→ **Records to process**
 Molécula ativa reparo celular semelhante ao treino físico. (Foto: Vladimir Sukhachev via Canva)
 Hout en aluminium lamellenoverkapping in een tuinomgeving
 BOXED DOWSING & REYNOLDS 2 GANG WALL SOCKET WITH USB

--

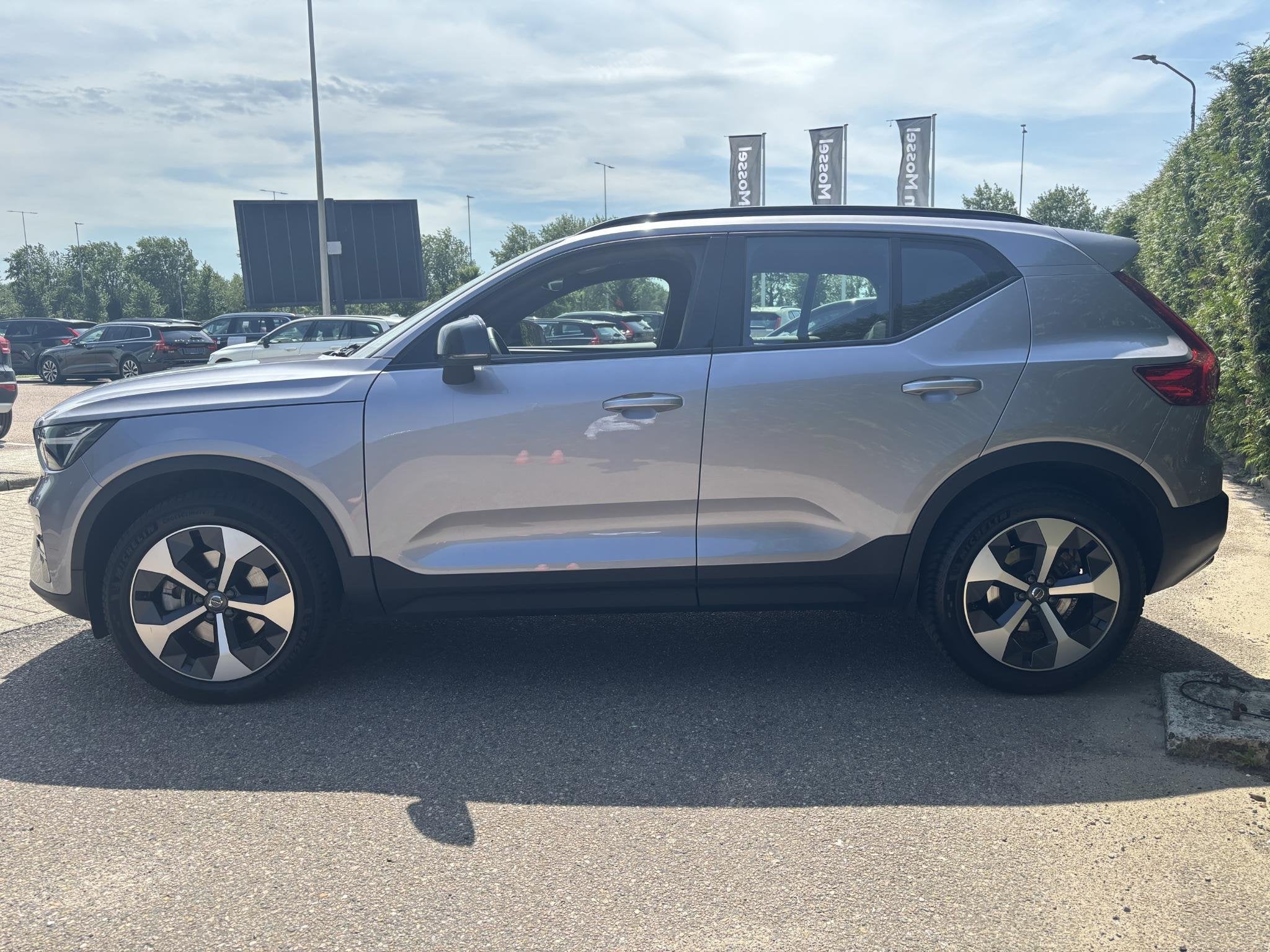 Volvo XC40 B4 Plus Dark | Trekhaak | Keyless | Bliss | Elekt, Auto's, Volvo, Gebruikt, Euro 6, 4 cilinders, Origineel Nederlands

---

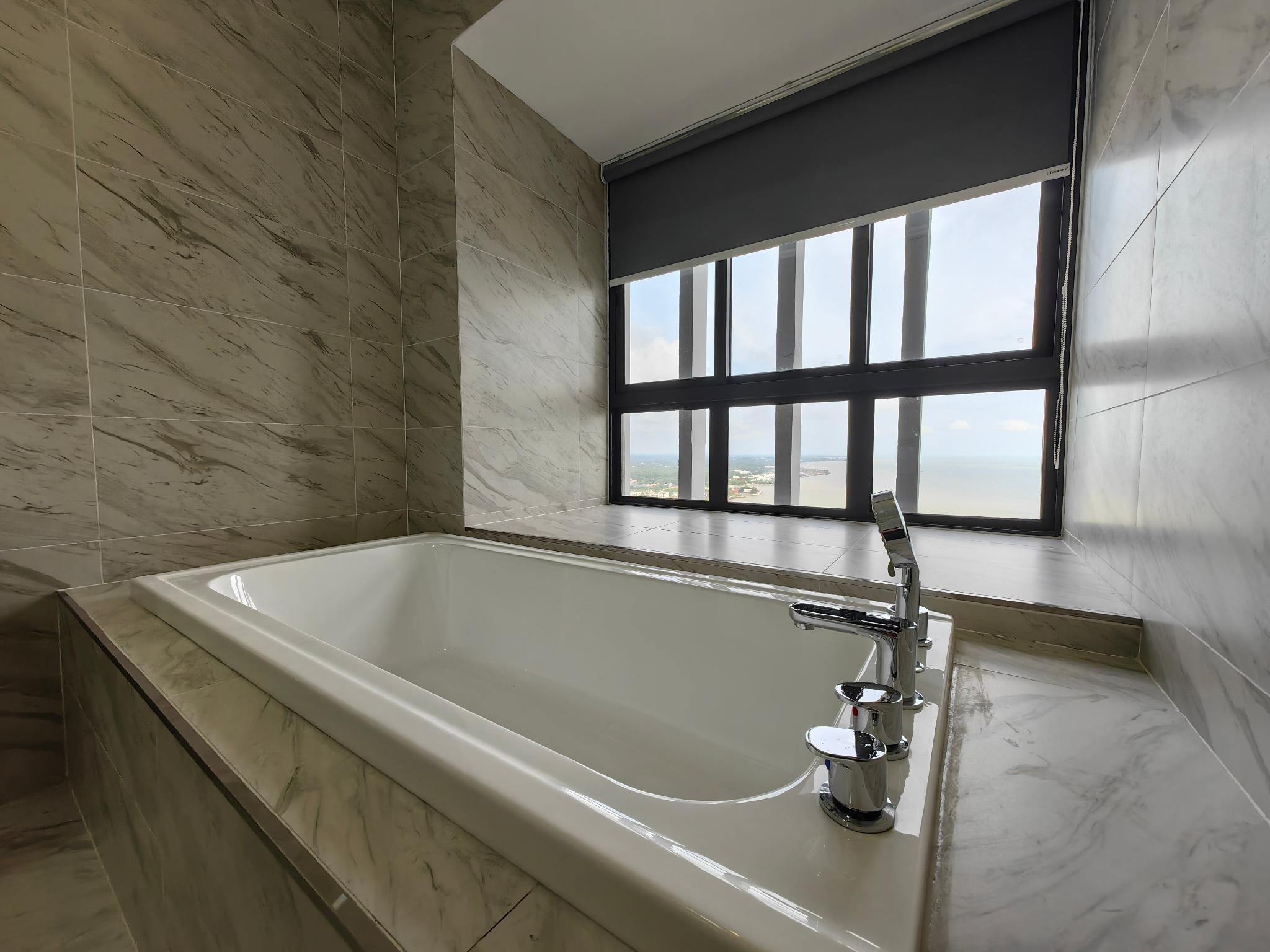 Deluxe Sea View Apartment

→ **Task prompt**
Above are the records; repeat exactly the lines from the one holding "Molécula ativa reparo" down to the one holding "BOXED DOWSING &", end lines included.

→ **Output below**
 Molécula ativa reparo celular semelhante ao treino físico. (Foto: Vladimir Sukhachev via Canva)
 Hout en aluminium lamellenoverkapping in een tuinomgeving
 BOXED DOWSING & REYNOLDS 2 GANG WALL SOCKET WITH USB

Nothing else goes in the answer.